Bankruptcy once predominantly served as a safe haven for under-performing businesses to reorganize their affairs and financial obligations in a process that favored them regaining their financial footing. The generally creditor-friendly revisions to the bankruptcy code in 2005, coupled with the dearth of debtor-in-possession (“DIP”) financing in today’s troubled credit markets, have resulted in the sale of businesses (and assets) as the preferred exit strategy from Chapter 11.
The bursting of the real estate and finance bubbles unleashed “creative destruction,” in which all manner of inefficient or distressed corporate assets will be revalued and reshuffled to achieve greater economic efficiency. This restructuring process likely will accelerate over the next several years as the economy is reconfigured. Astute owners and managers familiar with the rudiments of Chapter 11 should be able to take advantage of significant opportunities to enhance their competitive position, further corporate strategy, and ultimately build value.
BUYING ASSETS THROUGH CHAPTER 11
Section §363 of Chapter 11 of the bankruptcy code sets out procedures for the sale of tangible and intangible assets. A sale of assets pursuant to §363 can provide purchasers with a variety of benefits, as well as a number of challenges, particularly for the unfamiliar.
Assets acquired in a §363 sale are delivered free and clear of all liens, and are not subject to fraudulent transfer claims and/or contingent liabilities (e.g., successor liability and warranty claims). Moreover, upon court confirmation of a sale, the purchaser can be certain about the enforceability of the transaction documents, relief from the need to obtain consent to the assignment of certain contracts, a shortened Hart-Scott-Rodino Antitrust Act waiting period, and exemptions from state laws regarding bulk sales and stockholder approval.
Rules designed to assure that a public auction process provides the highest and best value for the assets are typically at the root of buyer apprehension. Contrary to a privately negotiated deal, in a §363 sale it is not possible to arrange exclusivity or lock-up provisions prior to the bankruptcy court’s final approval of the sale. The rules also tend to inject time limits into the sale process. And, of course, final court approval can depend on resolution of creditor objections. Success remains uncertain until the gavel falls.
THE STALKING HORSE
The initial bidder with whom the debtor negotiates a purchase agreement is called the “stalking horse,” an old hunting euphemism referring to either a real horse or an animal- like screen, behind which a hunter would conceal himself to get closer to his prey. Don’t be misled by this term, because almost nothing will be concealed in a bankruptcy proceeding.

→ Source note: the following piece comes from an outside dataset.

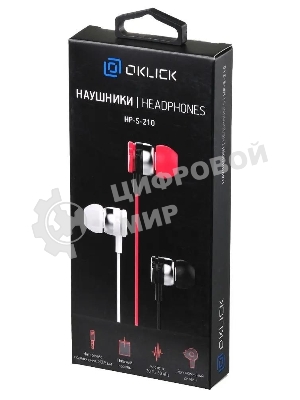 Проводные наушники Oklick HP-S-210 красный, внутриканальные, Jack 3.5 мм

While a potential buyer’s initial reaction might be to wait to bid at the auction, when the prices and terms will be known with certainty, there are distinct advantages to being the stalking horse bidder that can greatly improve the likelihood of emerging as the successful buyer. The advantages are listed in the adjacent table.
Fees and expenses that the stalking horse incurs for legal and financial advisers, due diligence, and other reasonable expenses related to the deal, are generally reimbursed if the stalking horse is outbid, so long as they do not amount to an unreasonable drain on the debtor’s estate. To qualify for reimbursement, the stalking horse should insist that its expenses are included as administrative expenses, the highest-priority creditor claim in bankruptcy.

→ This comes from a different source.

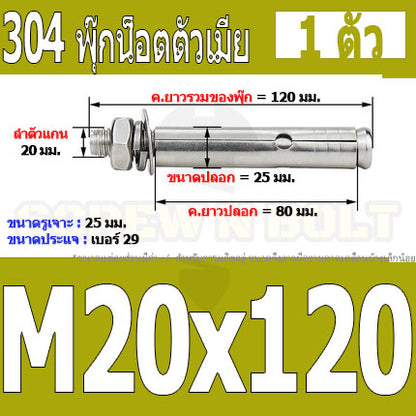 พุ๊ก พุก หัวน๊อต ตัวเมีย สแตนเลส 304 แหวนอีแปะ+สปริง M18 M20 / Sleeve Expansion Anchor Bolt with Nut SUS304 M18 M20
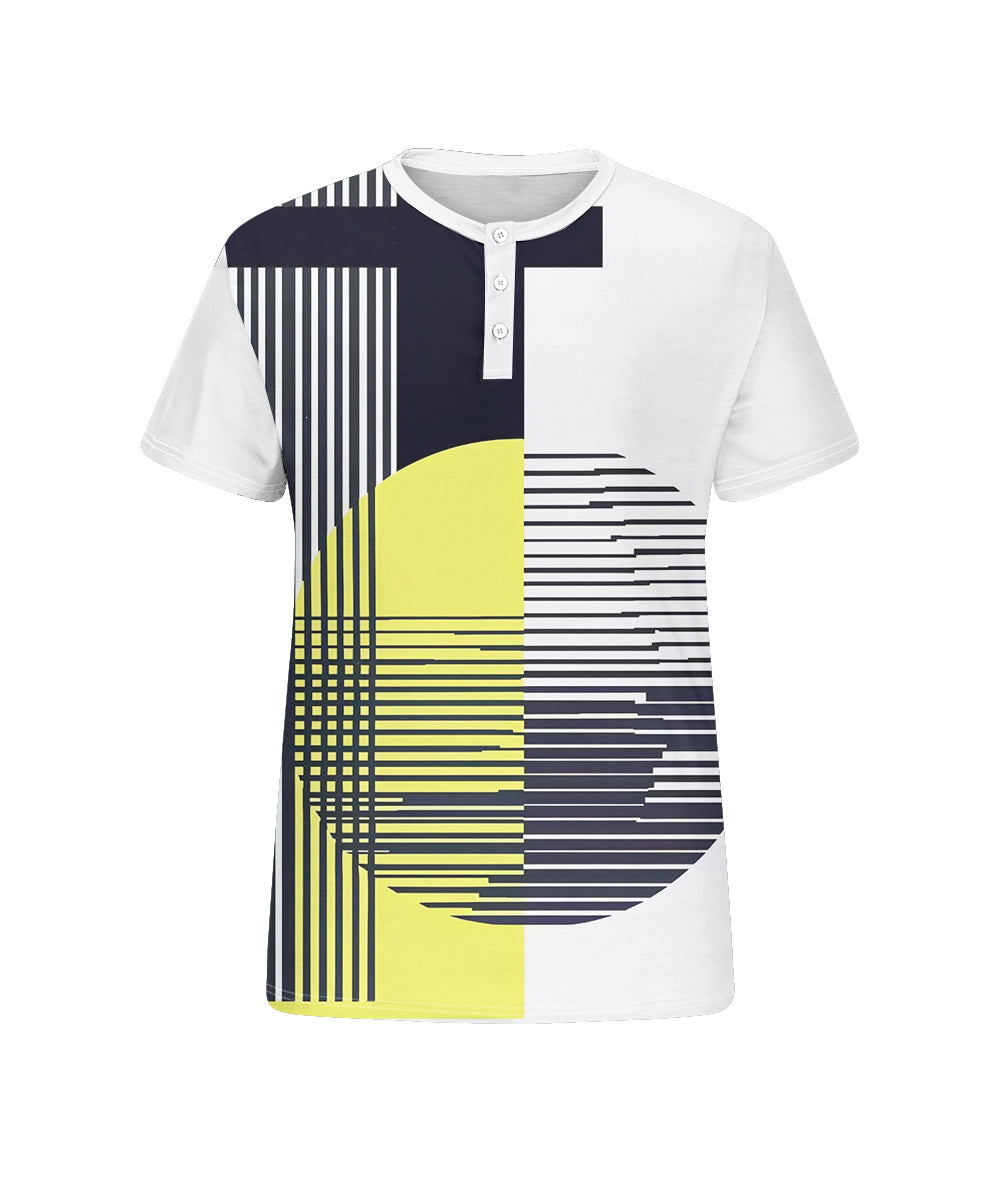 Big & Tall Colorblock Geometric Striped T-Shirt for big men view 4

Break-up fees are a common protection offered to stalking horse bidders, but are controversial in many jurisdictions. Essentially, a break-up fee is incremental compensation to induce the initial bidder to establish a “floor” for other potential bidders in an auction. However, approval requires the court to find that the break-up fee is “necessary to preserve the value of the estate,” which, outside of unique circumstances, can be a tall order.
In order to be qualified to participate in the auction, other interested buyers will be required to deliver proof of financial capability and to submit a good faith deposit, conditions that the stalking horse already would have satisfied. The auction procedures will specify an amount for any initial overbids and subsequent minimum bidding increments. Obviously, the stalking horse bidder will want the initial overbid to be substantially greater than its own offer, thereby creating a threshold that other bidders will be reluctant to overcome. The stalking horse bidder also will want to establish steep bidding increments to discourage competing bids and will want “matching rights” to minimize its costs to stay in the auction.
The stalking horse also has the opportunity to impose its form of asset purchase agreement, preferably in a manner that will not be easily adaptable by other bidders. For example, the stalking horse will select which assets it wishes to acquire and/or which obligations it wants to assume, limit any subsequent bids for those same assets and obligations, and limit the form of alternative consideration (to the extent it is not all cash).
As we enter into a phase of rapid economic adjustment and restructuring, there will be significant opportunities for firms to meaningfully enhance their competitive positions by prudently acquiring distressed assets and businesses. Although the processes and procedures of a §363 bankruptcy sale can be a bit rigid and messy, competent legal and financial advisers can be invaluable guides during the process. As a result, strategic-minded business owners and investors should not turn away from attractive, albeit distressed, business assets, simply because they bear the taint of bankruptcy.